Your objective |
Omit the images and retype the records verbatim.

Material shown |
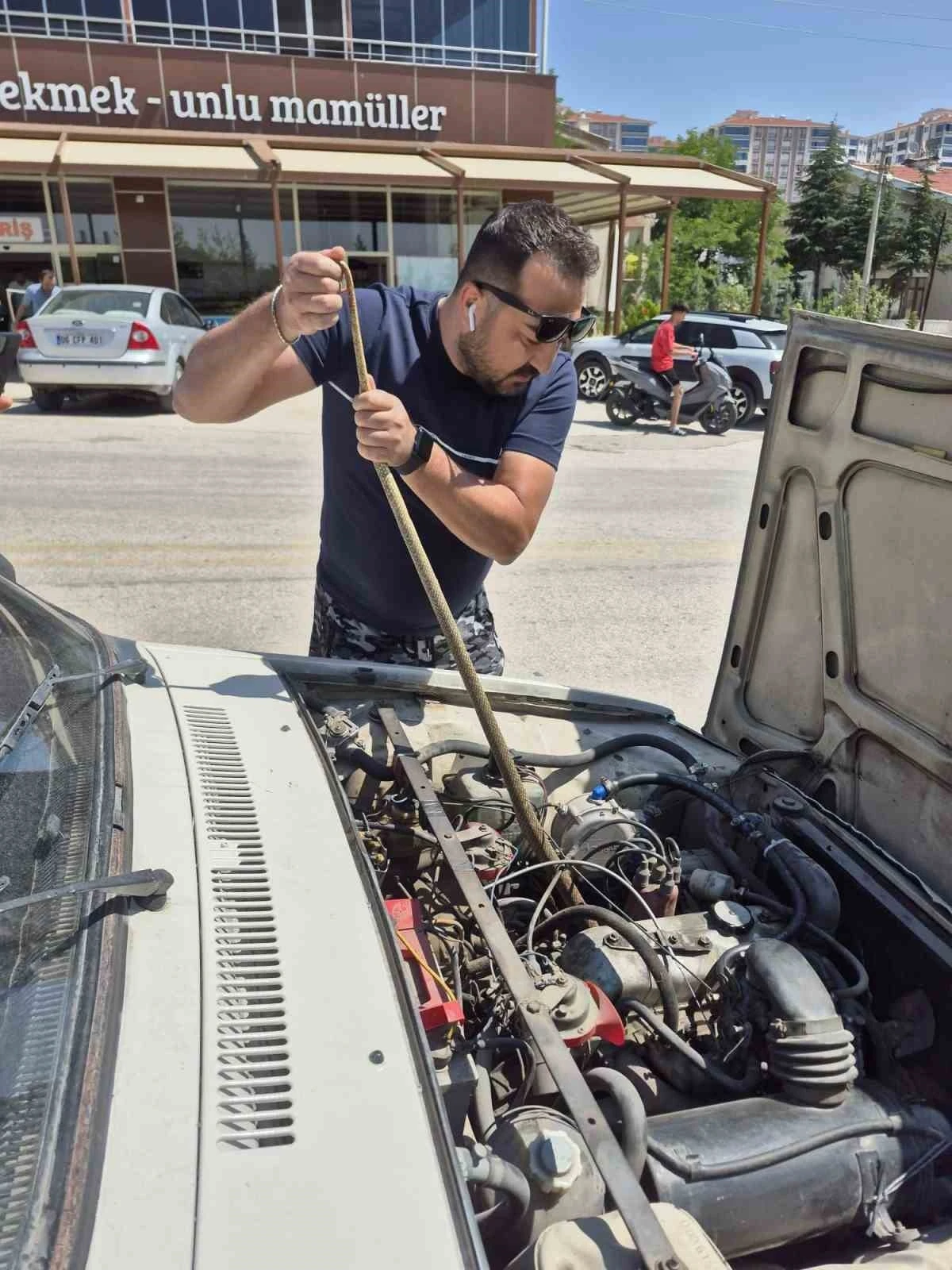 Aracın motoruna giren yılanı elindeki sopayla çıkardı
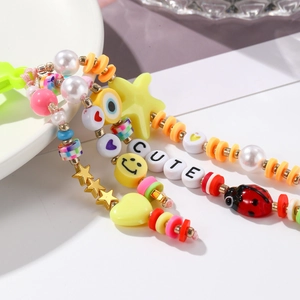 Gros plan sur un porte-clés en perles colorées avec lettrage CUTE, smiley et coccinelle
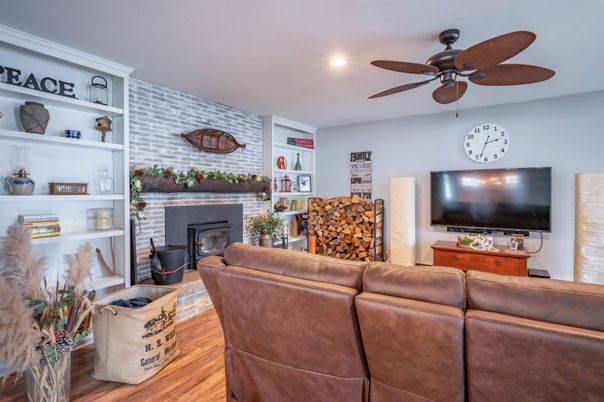 Fireplace, Interior, Living room, Recessed Lighting, Stone Walls, Wood Texture Flooring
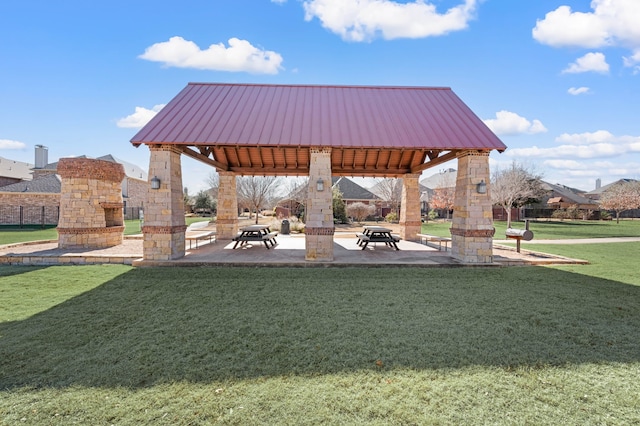 surrounding community featuring a gazebo and a lawn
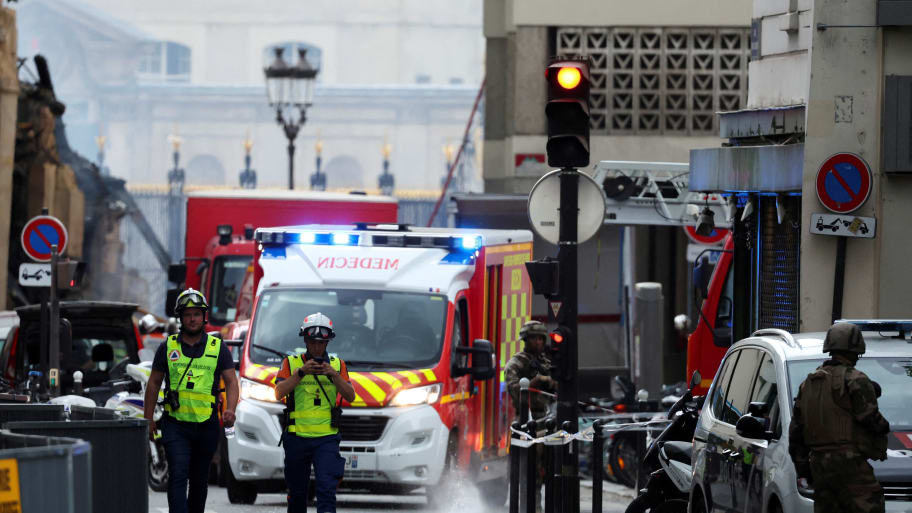 French rescue teams secure the area, after several buildings went on fire following a gas explosion in the fifth arrondissement of Paris.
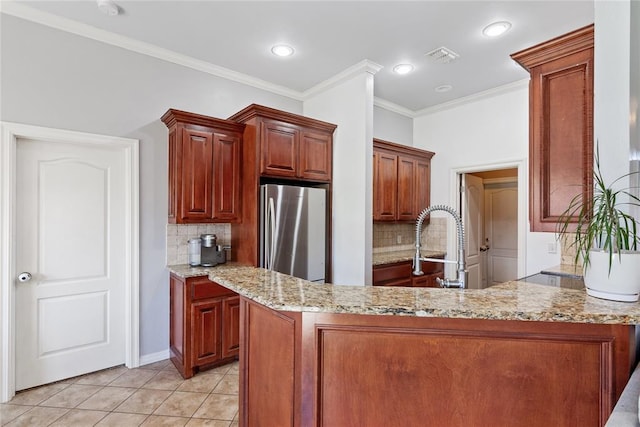 7713 Geneva Rea Ln, Yukon, OK 73099 - kitchen with freestanding refrigerator, decorative backsplash, ornamental molding, light stone countertops, and light tile patterned floors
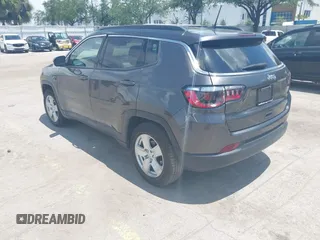 2022 Jeep Compass Latitude with VIN 3C4NJCBB4NT137245, listed as a IAAI auction lot 42356177 with 95,577 mi miles and . Bid and sale history available at DreamBid. Image 3.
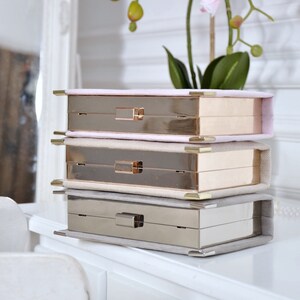 May include: Three stackable boxes with gold and silver metal frames and a soft, light pink, beige, and gray fabric lining. The boxes are stacked on a white dresser with a white drawer.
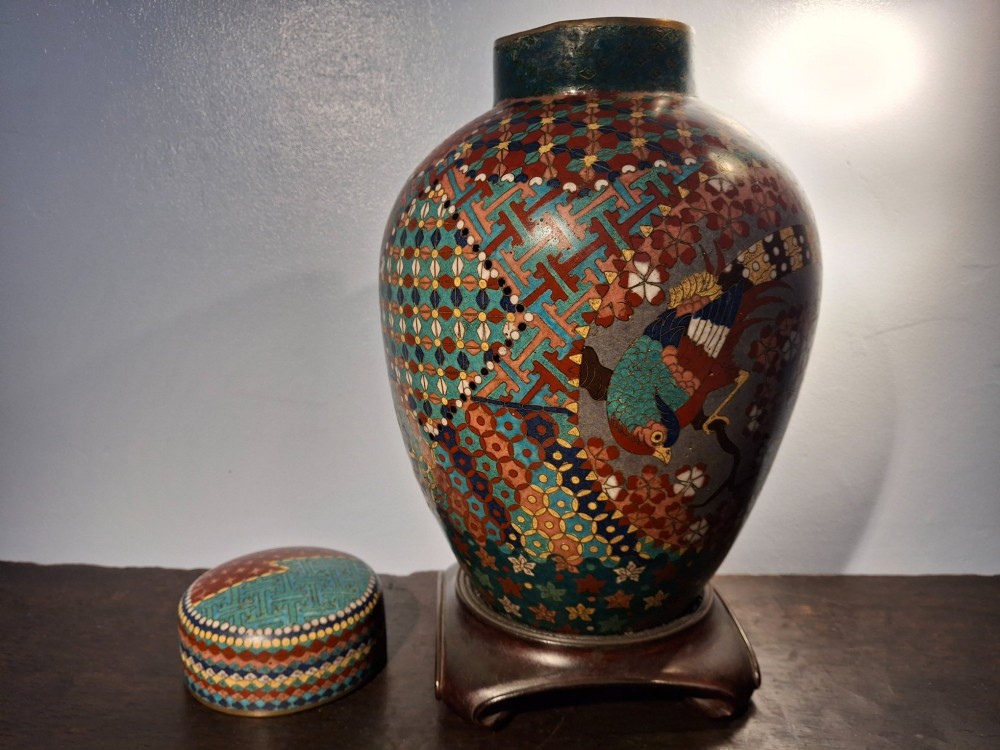 A nineteenth-century Japanese cloisonne enamel ginger jar featuring a patterned mosaic design and a colourful bird among floral motifs. View X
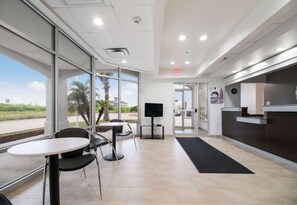 A modern reception area with a TV, a reception desk, and a seating area with chairs and a table. - 3 Pet-Friendly Ingleside Rooms w/ Kitchen, Free Parking | Onsite Pool Access (Ingleside)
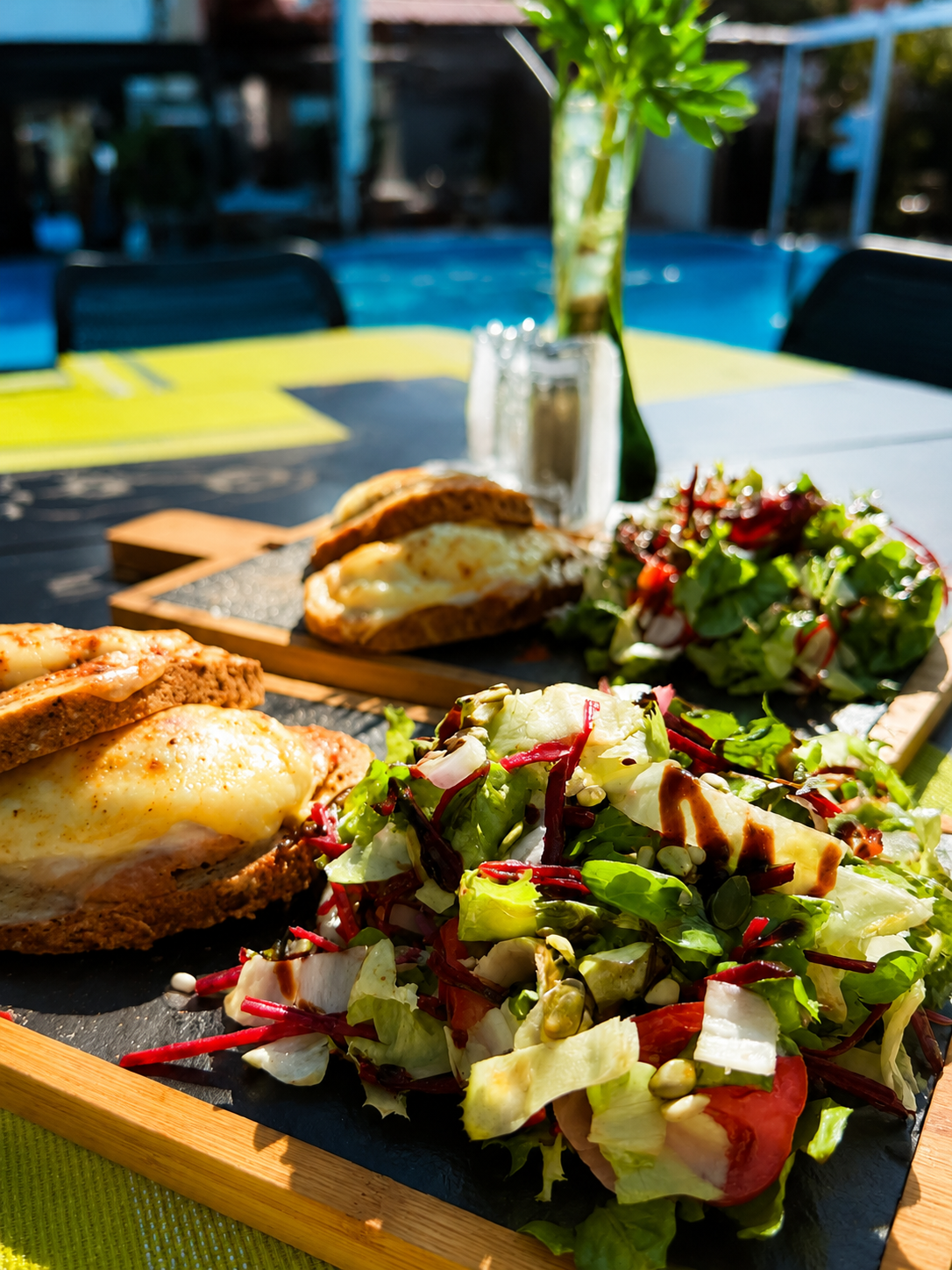 Sandwichuri de pui cu salată proaspătă, servite la o masă lângă piscină, într-o ambianță relaxantă de vară.
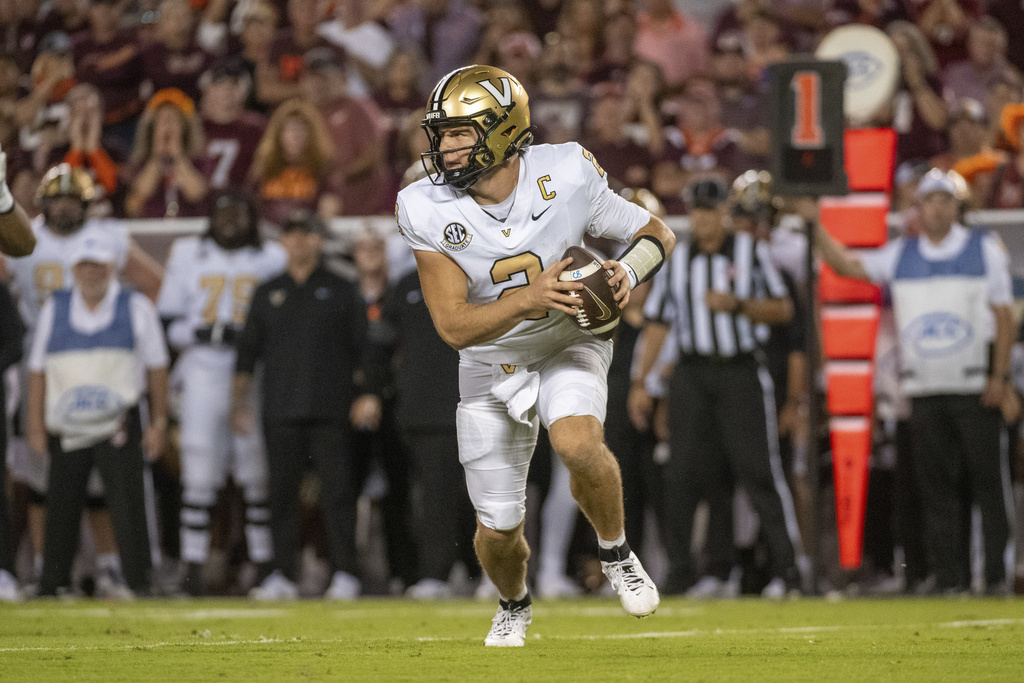 Vanderbilt quarterback Diego Pavia looks to pass the ball against Virginia Tech during the first half of an NCAA college football game Saturday, Sept. 6, 2025, in Blacksburg, Va. (AP Photo/Robert Simmons)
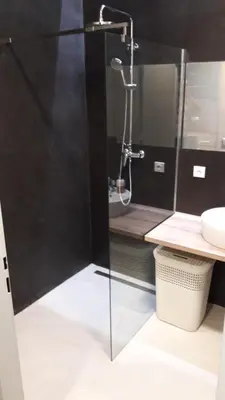 a bathroom with a glass shower with a sink at Hotel & Hostel Letov in Prague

Your solution |
 Aracın motoruna giren yılanı elindeki sopayla çıkardı
 Gros plan sur un porte-clés en perles colorées avec lettrage CUTE, smiley et coccinelle
 Fireplace, Interior, Living room, Recessed Lighting, Stone Walls, Wood Texture Flooring
 surrounding community featuring a gazebo and a lawn
 French rescue teams secure the area, after several buildings went on fire following a gas explosion in the fifth arrondissement of Paris.
 7713 Geneva Rea Ln, Yukon, OK 73099 - kitchen with freestanding refrigerator, decorative backsplash, ornamental molding, light stone countertops, and light tile patterned floors
 2022 Jeep Compass Latitude with VIN 3C4NJCBB4NT137245, listed as a IAAI auction lot 42356177 with 95,577 mi miles and . Bid and sale history available at DreamBid. Image 3.
 May include: Three stackable boxes with gold and silver metal frames and a soft, light pink, beige, and gray fabric lining. The boxes are stacked on a white dresser with a white drawer.
 A nineteenth-century Japanese cloisonne enamel ginger jar featuring a patterned mosaic design and a colourful bird among floral motifs. View X
 A modern reception area with a TV, a reception desk, and a seating area with chairs and a table. - 3 Pet-Friendly Ingleside Rooms w/ Kitchen, Free Parking | Onsite Pool Access (Ingleside)
 Sandwichuri de pui cu salată proaspătă, servite la o masă lângă piscină, într-o ambianță relaxantă de vară.
 Vanderbilt quarterback Diego Pavia looks to pass the ball against Virginia Tech during the first half of an NCAA college football game Saturday, Sept. 6, 2025, in Blacksburg, Va. (AP Photo/Robert Simmons)
 a bathroom with a glass shower with a sink at Hotel & Hostel Letov in Prague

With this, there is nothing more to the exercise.